なにやってるんだ。あいつらは。
もうすぐ昼休みが終わる。しかし、囲夫達は戻ってこない。
ひょっとして、三階か?
囲夫にしてみれば、犯人が誰かなんて推理は朝飯前だ。スチャからの情報があれば、すぐに絞りこめる。ひょとすると、美術準備室で物的証拠を探しているのかもしれない。
「おっ」
廊下へでたところで、思わず声をあげた。未緒がこちらへ歩いてきたところだった。キョトンとした表情で、俺を見返す。
「囲夫は、どうしたんだ?」
そのときだった。
階段のほう、誰かが降りてきた。
一人は湯船。もう一人は――。
「は……?」
三月、合格発表の日。
あの青いワンピースの少女がいた。マルチーズをこわがって歩道を遠回りした女子が、なぜかセーラー制服を着ている。それだけじゃない。胸元にあるのは。
(白い……スカーフ?)
美少女探偵?
頭の中がごちゃごちゃになる。ワンピースの少女は、未緒じゃなかったのか? いや、未緒はここにいる。俺の目の前にいる。ほら、俺のすぐそばに。
すぐそばで、ゆっくり手を左右に広げて。
俺を抱きしめている。
「み、みお、さん?」
硬直。
「ななな、なにをなさっておいでで?」
いや、待て、そうか、これは。
やばい。
「うふ」
俺を抱きしめている男が、吹きだした。
「うふひはははははは!」
「な、なにやってんのよ!」
美少女探偵が、飛んでくる。
文字通りの意味で。ジャンプして、ボディアタック。肘が俺の顔にクリティカルヒット。
ウィッグが外れ、憤怒している未緒の顔が現れた。
(そりゃそうだよな……)
囲夫が変装しても、声で男とバレる。そこをなんとかごまかせても、甘宮先輩とはバドミントンで顔を合わせてる。美少女探偵をやるとしたら、未緒しかいない。
「おまえら……なにをしてたんだ?」
「ん? いや、図書班がつぶれちゃうなら、伝説だけでも作っておこっかなって」
のほほんとした顔で俺たちを眺めてる湯船。
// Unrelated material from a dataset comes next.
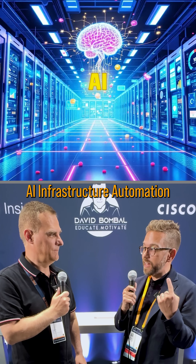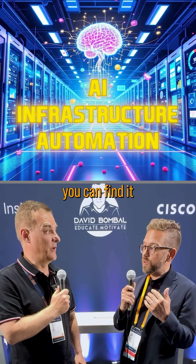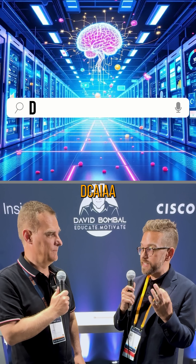What's really cool is you can also earn continuing education credits, so it can apply to your recertification. Right now we have a RevUp that's running from now until August 7th, 2026. That RevUp is called AI Infrastructure Automation. You can find it by searching for DCAIAA, and that is all around building on what you learned in AI Infrastructure Essentials in the last RevUp — and now you're automating that infrastructure.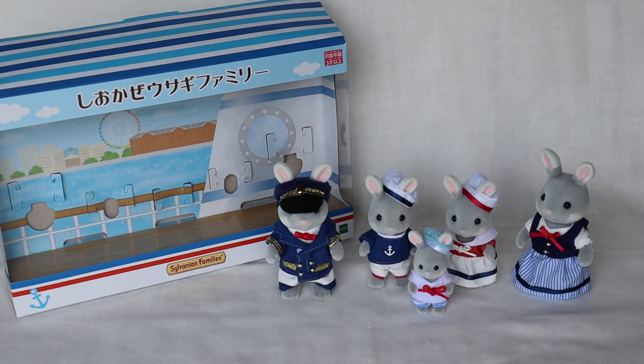Hello everyone! Today's video I wanted to show you an unboxed version of the Yokohama exclusive Seabreeze family. I showed this family in a previous video in their box, along with the seaside cruiser houseboat that I received for my birthday in August as the kind of background. But the tiny little critters, or babies as they call them here in Japan.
そうか、さっきの長電話は、携帯電話で未緒に謎解き役のサポートをしてたのか。
「わかった。美少女探偵のほうはいい。で、おまえが未緒に変装してる理由はなんだ」
「どうでもいいから! アンタ達、さっさと離れなさいっ!」
囲夫が、ウィンクした。
顔を真っ赤にした未緒が、後ろから囲夫をひっぺがそうとしている。
うん。そうだな。
おまえたちのやることに、意味なんてないわな。